For pet-owners, coming home to discover your pet has been caught red-handed, sometimes red-faced, doing something they weren’t expecting you to witness is a common occurrence. However, one poor goldfish in South Africa could have done with their owner arriving home just a few minutes earlier.  

A tour guide named Jérémy Schalkwijk was reportedly on a date when he decided to take his companion home and show her his pet goldfish (yes, this is a new one for us too). Unfortunately, Cleo the fish was not in the pond where Schalkwijk expected to find it but instead hovering mid-air, halfway up a wall in the clutches of a spider – who clearly hadn’t expected anyone to come home, and was probably wishing they’d arrived just a few minutes later.


Schalkwijk was stunned to watch the nursery web spider lower itself into the pond, grab the fish with its fangs and front legs, and haul it out of the water and up the wall, reports Live Science.
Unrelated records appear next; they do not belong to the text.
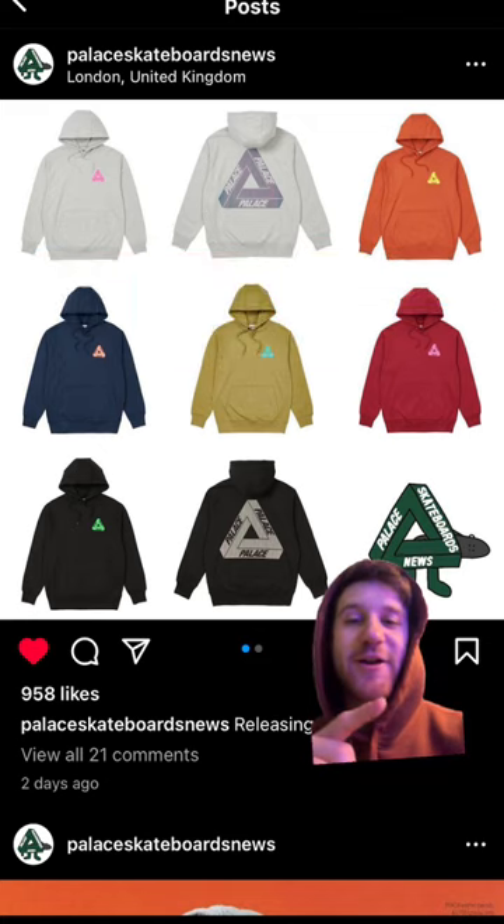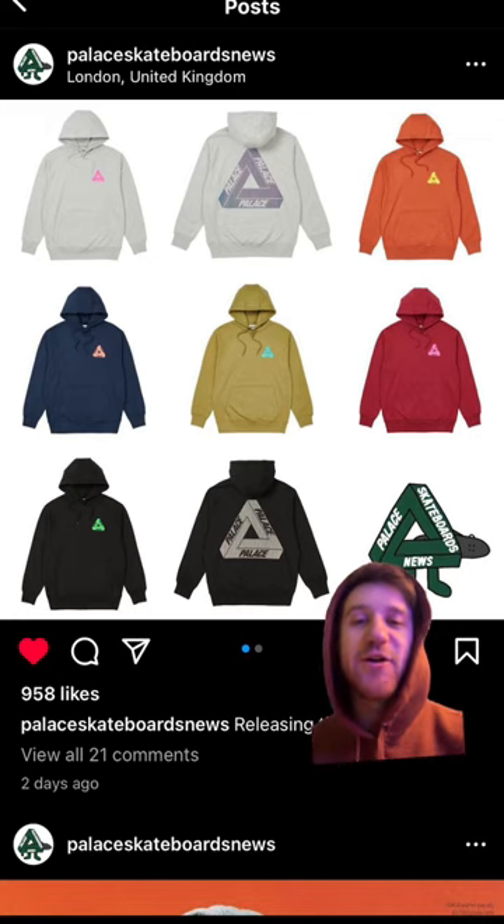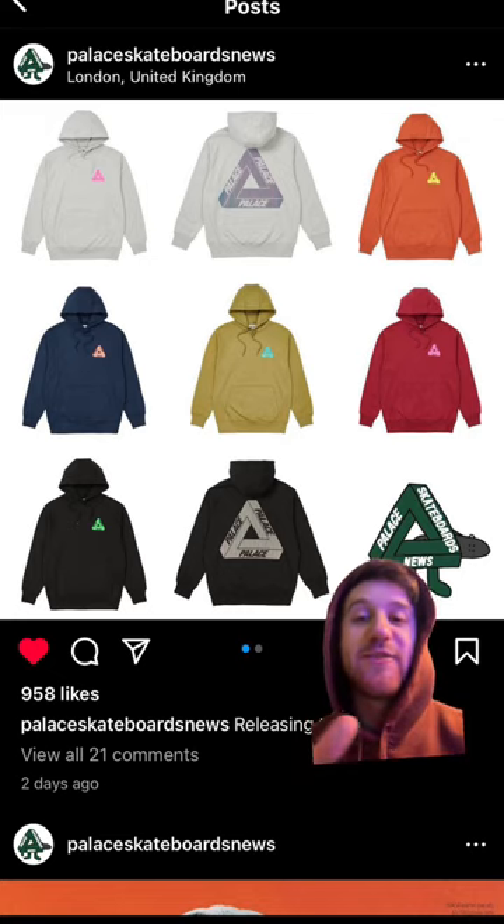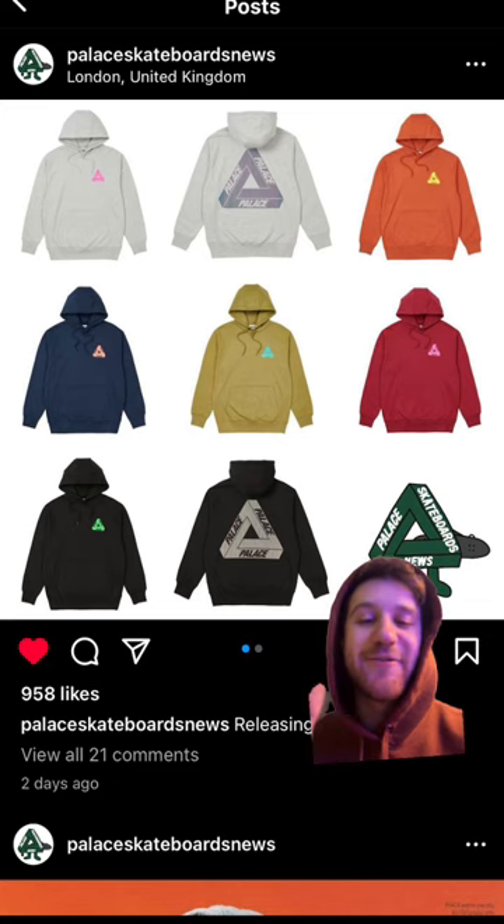we have some Trifurg Lenticular hoodies. As you guys can see here, they're coming in a multitude of colors and it's a little hard to tell in this image, but the Trifurgs themselves do have like lines going through them. As you guys can see, that gray one in the middle has some different colors going on. So each line is a different color to create that kind of visual effect.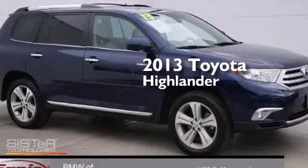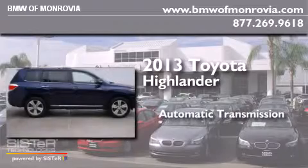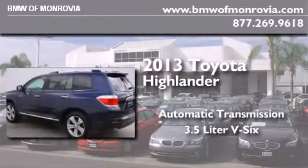This is a 2013 Toyota Highlander. This crossover has an automatic transmission and a 3.5 liter V6.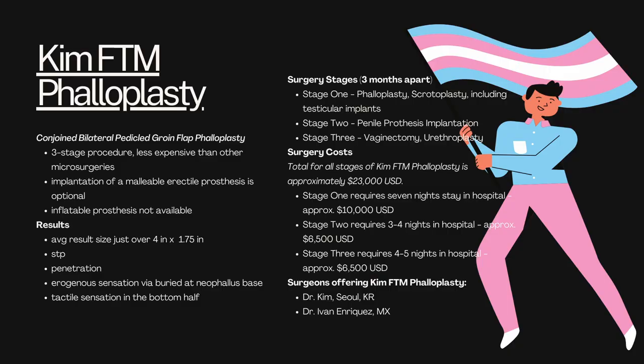The first type of phalloplasty I want to cover is called Kim FTM phalloplasty, named after the surgeon who developed the method. It's also called a conjoined bilateral pedicled groin flap phalloplasty. It's a three-stage procedure and is less expensive than other microsurgeries. You can receive an implantation of a malleable erectile prosthesis if you choose, but not an inflatable prosthesis. Results average about four inches in length by about 1.75 inches in girth. You'll be able to void while standing if you choose urethroplasty, and you may be able to do penetration, especially with an implant.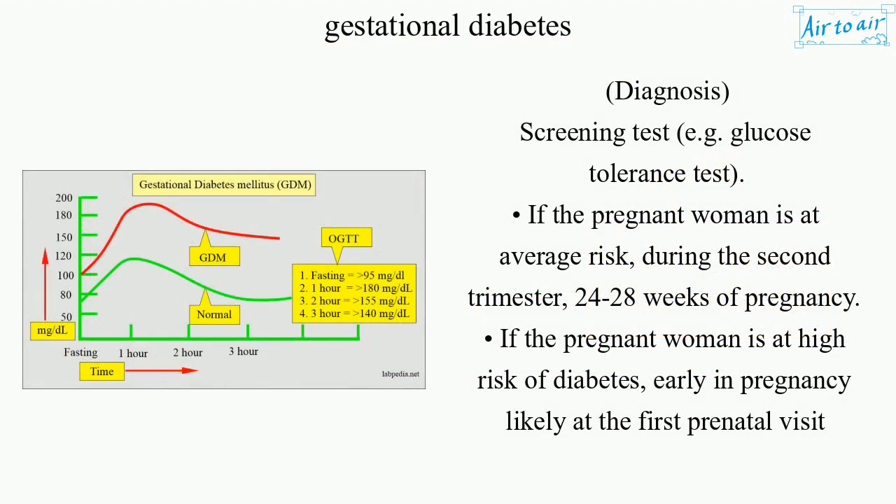Diagnosis: Screening test, e.g. glucose tolerance test. If the pregnant woman is at average risk, during the second trimester, 24–28 weeks of pregnancy. If the pregnant woman is at high risk of diabetes, early in pregnancy, likely at the first prenatal visit, 6–8 weeks of pregnancy.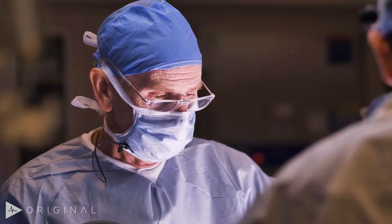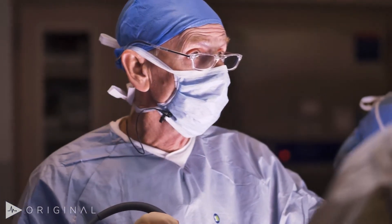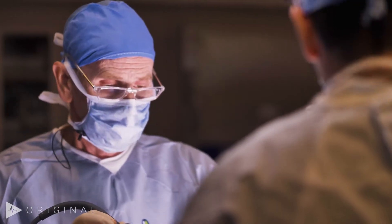On the case today, this patient did present some challenges in terms of his obesity, his large prostate, and his fairly significant cancer.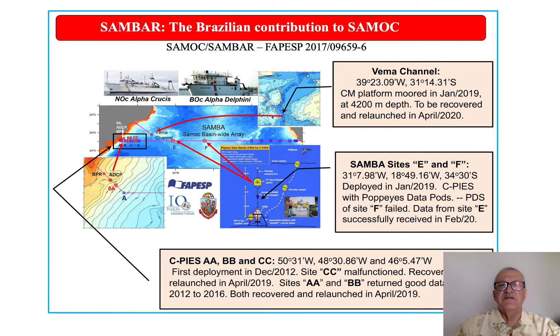In Brazil, the Brazilian component of SAMOC is funded by the São Paulo State Funding Agency, FAPESP, and is composed of regular hydrographic cruises in the western part of the SAMBA line, as well as mooring of instruments on the west SAMBA, and also a mooring platform near the bottom in the VIMA channel — a deep channel between the Santos Plateau and Rio Grande Rise, connecting the Argentine Basin and the Brazil Basin. It is through the VIMA channel that most of the Antarctic Bottom Water flowing from the Argentine Basin to the Brazil Basin passes on its way to the north.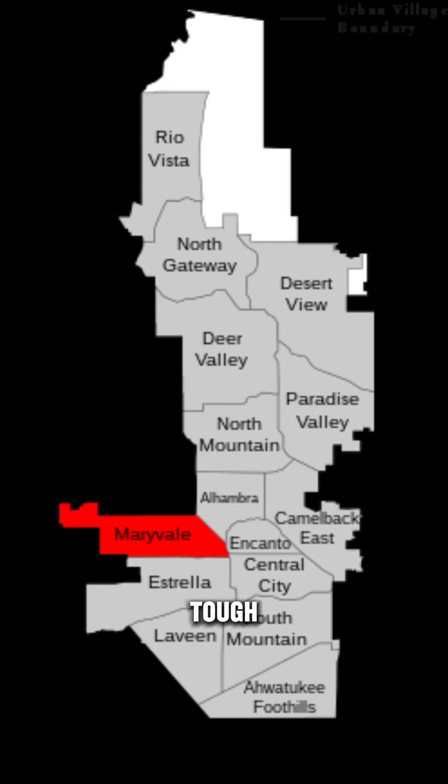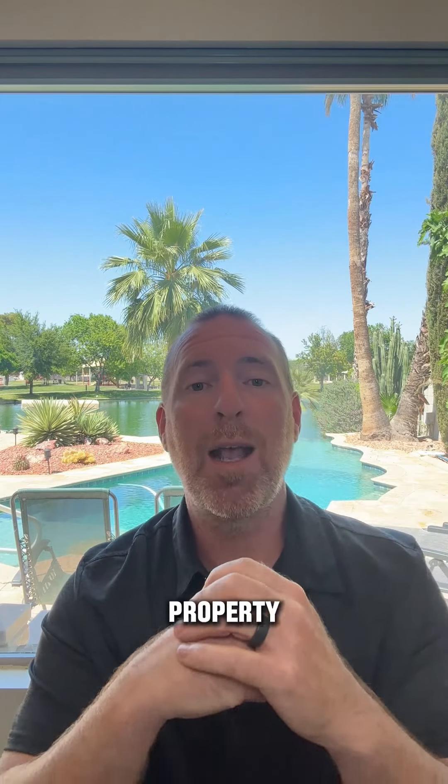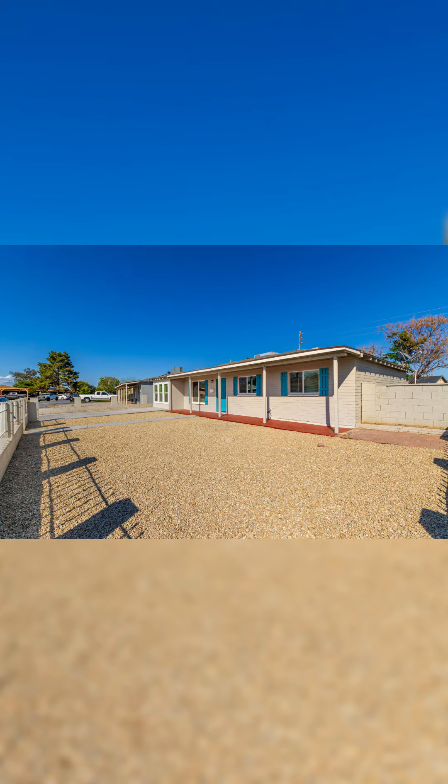Number four, this property is in West Phoenix in Maryville — a tough neighborhood — and it's far away from me, so it was a lot of driving back and forth when managing a project out there. It was a lot to do at the beginning getting it up and running, checking on the property. Being in a rough neighborhood, the property got broken into several times during construction.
And it wasn’t a tiny goldfish either. By the looks of things, Cleo was a little on the portly size. Schalkwijk estimated the fish was about twice the spider’s weight.
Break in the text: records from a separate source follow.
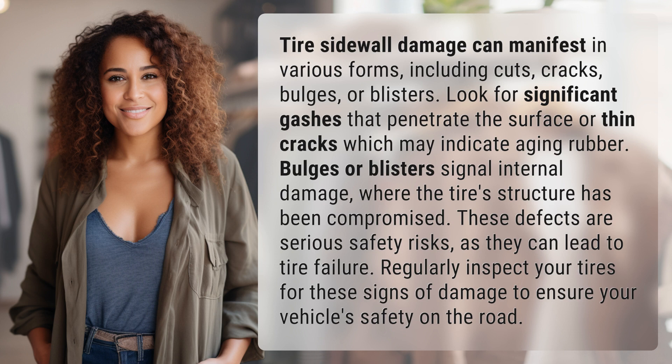Bulges or blisters signal internal damage where the tire structure has been compromised. These defects are serious safety risks as they can lead to tire failure. Regularly inspect your tires for these signs of damage to ensure your vehicle's safety on the road.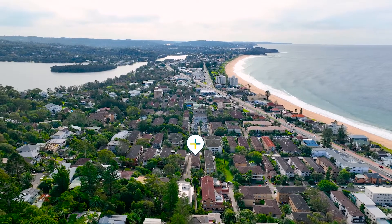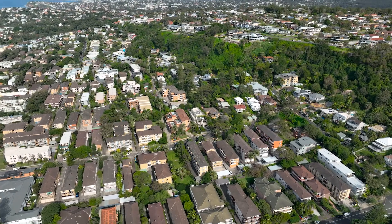Whether you are a first homebuyer, investor, or downsizer, this one ticks all the boxes. If you have any questions or queries, both Steph and I warmly welcome your call. We look forward to having you through.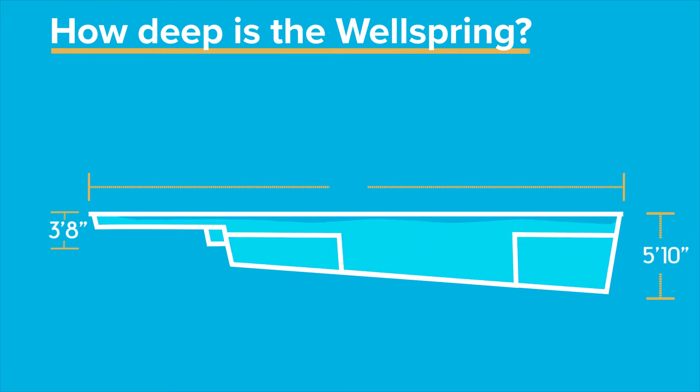So, here's what it looks like if you are soaking up some rays on the sun shelf, chilling on the wrap-around bench, taking a time out on the deep end bench, or splashing down from a slide.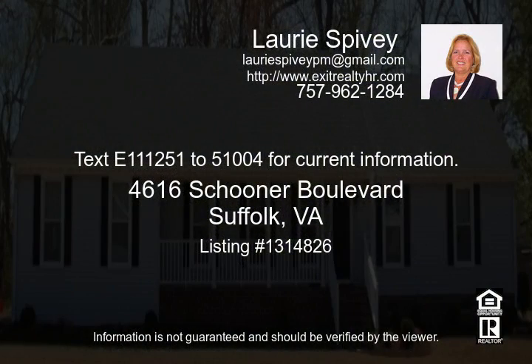Text E1 to get current information. Text E2 for more details.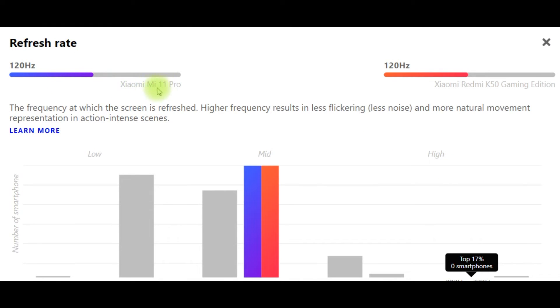Xiaomi Mi 11 Pro 120Hz, Redmi K50 Gaming Edition 120Hz too. The frequency at which the screen is refreshed — a higher refresh frequency results in less flickering, less noise and more natural movement representation in action-intensive scenes.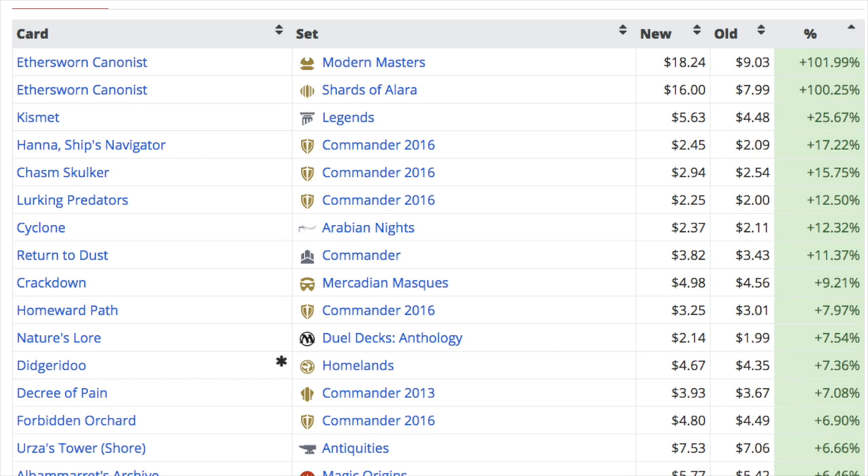Hey guys, let's go over some cards that have been going up in price. Pretty much everything Commander 2016 is trending upwards every single day. I expect to see this continue until Commander 2017 comes out, and then people are really interested in whatever the new tribal decks are, including a five-color dragon tribal deck.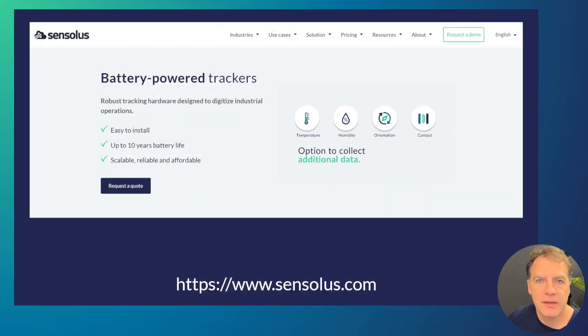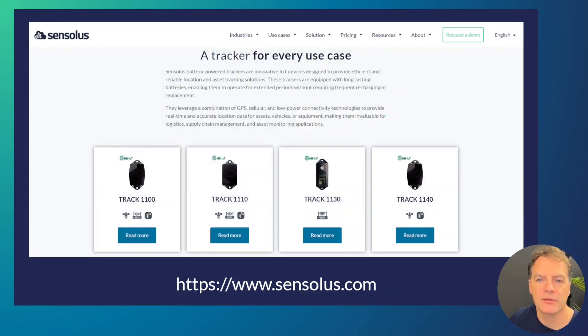Having said that, we're wrapping up this short introduction of the Track 1140. If you want more information, be sure to check out our website where you can find the complete portfolio of our trackers, or reach out to one of our partners or to Senseless directly for more specific information on our products and solutions. Thank you and until next time.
Nursery web spiders occur just about everywhere except extremely dry or cold regions. They can walk on the surface of still bodies of water and even dive below to hunt or escape predators. They can jump too, about 15 centimeters (6 inches).

Schalkwijk rushed back to show his date the amazing shots and when they both approached the pond again, neither fish nor spider were to be seen.  


In the spider's defense, it was just doing what spiders do. At least Schalkwijk understood that he was witnessing a sight not often observed by humans and immediately started snapping photos (Cleo may have been questioning his priorities about now). It is unlikely he could have saved the fish, even if he'd attempted it, as nursery web spiders have venom strong enough to kill small prey.

In fact, before you write them off completely, nursery web spiders get their names because the single-parent females carry their eggs around with them in sacs they hold with their fangs, until they build nursery webs for them, sheltering them until they are old enough to leave on their own – which seems pretty awww, until you know why daddy spiders are not in the picture.